DATA TO PROCESS Block Start
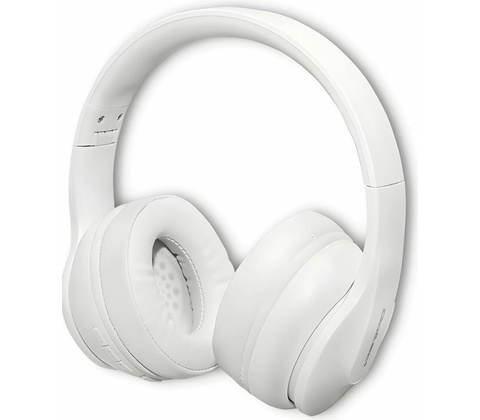 Qoltec Soundmasters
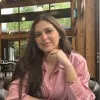 Jana Rammal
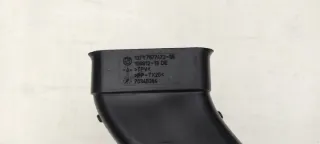 N63B44 Гофра инжектора BMW 7 F01/F02 Арт e10443025, вид 4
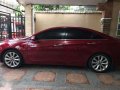 Hyundai Sonata 2012 for sale-0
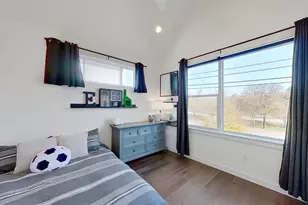 4020 Airport Blvd, Austin, TX 78722 - Photo 31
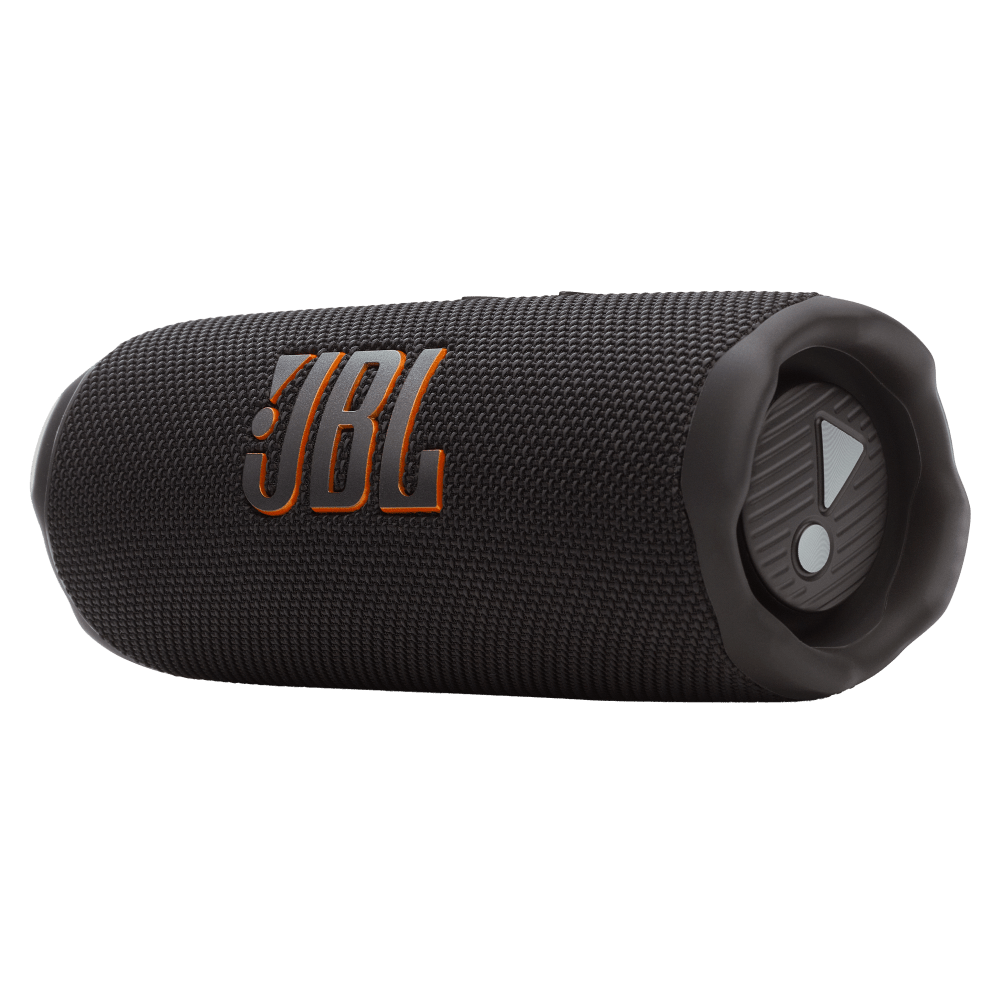JBL Flip 7 Portable Waterproof And Drop-Proof Speaker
DATA TO PROCESS Block End
• [WORK REQUEST]:
Pictures aside, retype the entries above exactly as they are.

• [EXERCISE ANSWER]:
 Qoltec Soundmasters
 Jana Rammal
 N63B44 Гофра инжектора BMW 7 F01/F02 Арт e10443025, вид 4
 Hyundai Sonata 2012 for sale-0
 4020 Airport Blvd, Austin, TX 78722 - Photo 31
JBL Flip 7 Portable Waterproof And Drop-Proof Speaker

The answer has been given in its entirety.